DiTASK: Multi-Task Fine-Tuning with Diffeomorphic Transformations¶

Conference: CVPR 2025
arXiv: 2502.06029
Code: Yes (see paper)
Area: Multi-Task Learning / Parameter-Efficient Fine-Tuning
Keywords: Diffeomorphic Transformations, Singular Value Preservation, Multi-Task Learning, PEFT, Vision Transformer

TL;DR¶

Proposes DiTASK, which utilizes continuous piecewise-affine (CPAB) diffeomorphic transformations to smoothly transform the singular values of pretrained weight matrices while keeping the singular vectors unchanged. It achieves full-rank update multi-task fine-tuning with only about 32 parameters per layer, outperforming MTLoRA by 26.27% relative improvement with 75% fewer parameters on PASCAL MTL.

Background & Motivation¶

Background: Parameter-efficient fine-tuning (PEFT) methods like LoRA perform well in single-task fine-tuning but underperform in multi-task learning (MTL). The low-rank updates of LoRA force multiple tasks to compete within the same restricted subspace, leading to task interference.

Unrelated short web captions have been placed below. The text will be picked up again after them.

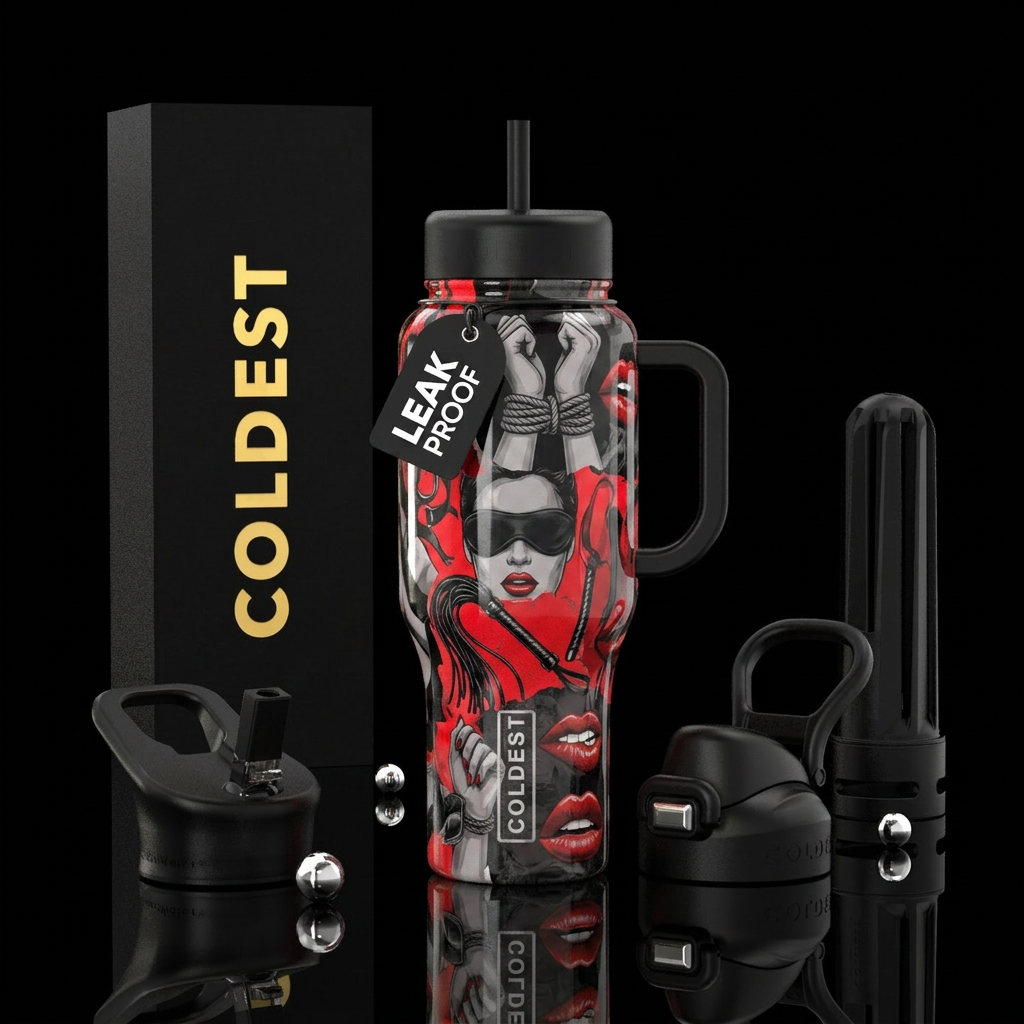 BDSM, ropes around wrists, blindfold, whips, sultr... water bottle design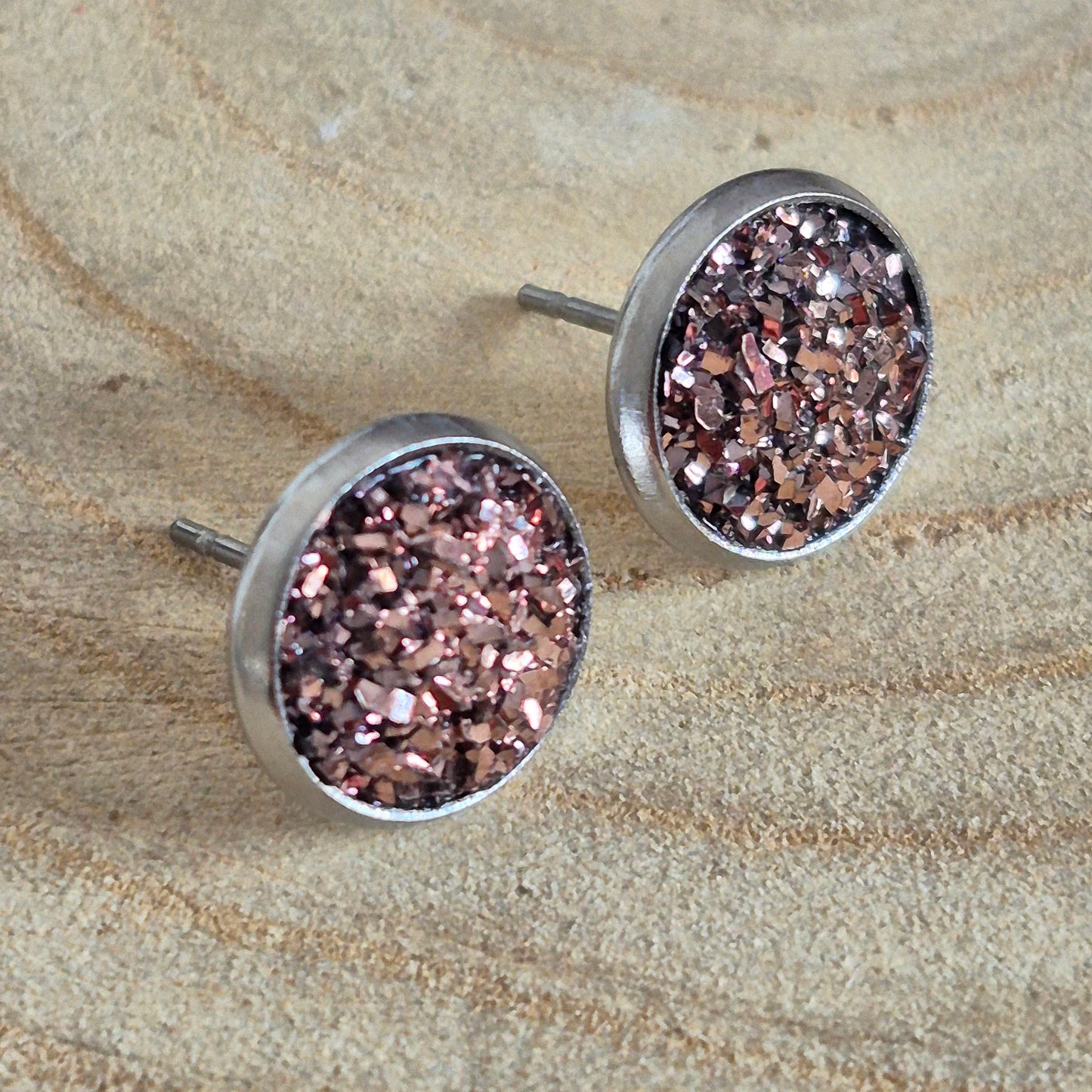 Glitter Resin 10mm Stud Earrings - Bronze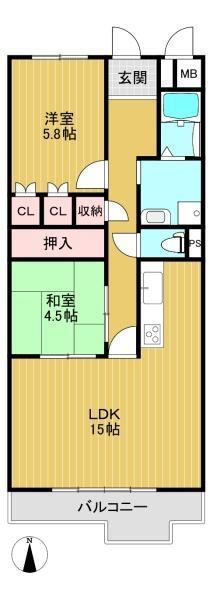 2LDK apartment in Takatsuki, Osaka - Photo 1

Limitations of Prior Work: Methods like LoRA directly modify the singular vectors of the weight matrix, disrupting the feature space structure learned by the pretrained model. In MTL, the optimal subspaces for different tasks can be entirely different, and forcing them to share the same low-rank space leads to performance degradation. MTLoRA models each task independently but fails to exploit synergistic effects across tasks.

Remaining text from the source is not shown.